Ameritrade Holding Corp. will provide securities brokerage, and insurance policies, including pet protection, will be arranged through Pivot, a Columbus, Ohio, unit of Wachovia Corp.
Federated is the latest in a series of commercial companies that have tried to crack the financial services market. Previous attempts have failed, as Sears shoppers proved more interested in buying socks than Dean Witter stocks from the retailer, and Ford customers felt more comfortable buying cars than Nationwide insurance from the automaker.
But in an interview Tuesday, Terry Gorbach, a Federated senior vice president, said the retail giant has learned from its predecessors' mistakes.
Unlike other retailers, Federated will not use its name, or its 450 stores in 34 states, to market financial products. The company's extensive research revealed that consumers do not want to buy financial products from Macy's, so Federated is farming out most of the products to other providers and selling them through an Internet site not branded to its department stores, www.iTrust.com, Mr. Gorbach said.
"We are not marketing to these customers as Bloomingdale's or Macy's," he said. "We're marketing as iTrust. "We're establishing a new presence in the financial services marketplace."
Federated plans to start by focusing on its 130,000 employees and 20 million credit card customers, but it plans to eventually target the general public.
Joseph A. Stieven, the director of financial institutions research at Stifel, Nicolaus & Co. in St. Louis, said he saw little reason to think of Federated as a threat to traditional financial services providers. "A lot of people have tried this, and people are going to find out that these banks are tougher competition than they think."
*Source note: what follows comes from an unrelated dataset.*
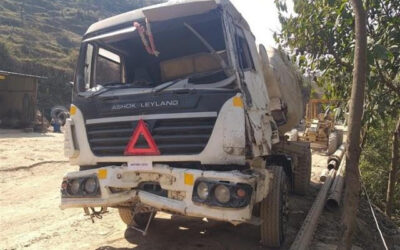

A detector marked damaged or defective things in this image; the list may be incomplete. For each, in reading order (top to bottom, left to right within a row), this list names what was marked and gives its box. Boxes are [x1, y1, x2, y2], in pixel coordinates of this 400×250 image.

shattered windshield [76, 11, 233, 94]
damaged truck cab [62, 0, 310, 246]
dented bumper [60, 165, 272, 224]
Still, the market is huge, and there is room for players like Federated, he said. "Even if they do prove to be successful, can you quantify who is it going to hurt? I just can't."
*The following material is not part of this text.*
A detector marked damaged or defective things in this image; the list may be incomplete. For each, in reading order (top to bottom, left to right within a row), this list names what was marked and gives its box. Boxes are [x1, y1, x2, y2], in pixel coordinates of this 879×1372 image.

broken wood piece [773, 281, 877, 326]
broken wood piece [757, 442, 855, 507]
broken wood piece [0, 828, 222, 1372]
But Peter Wallison, a veteran of the wars over U.S. financial services policy and now a scholar at the American Enterprise Institute, said Federated's move should concern traditional providers, because the retailer is approaching the business in a new way, by focusing on the customer's need for a mortgage instead of the company's need to increase loan volume.
"I have a sense that the people who are looking at things from the standpoint of increasing the value of the customer relationship have a better idea of how to make money in the future than those who are just thinking about how to increase sales," he said.
Mr. Gorbach, who joined Federated in June after 20 years at American Express Co. and three years at GMAC, echoed that idea. While Federated will not try to leverage its brand, it does plan to use its expertise in marketing and satisfying customers, he said.
Federated, which has corporate offices in Cincinnati and New York, is one of the nation's leading department store retailers, with more than $18.4 billion of sales last year.
"It's bringing that culture of retail to the financial marketplace," Mr. Gorbach said. "It may be a breath of fresh air."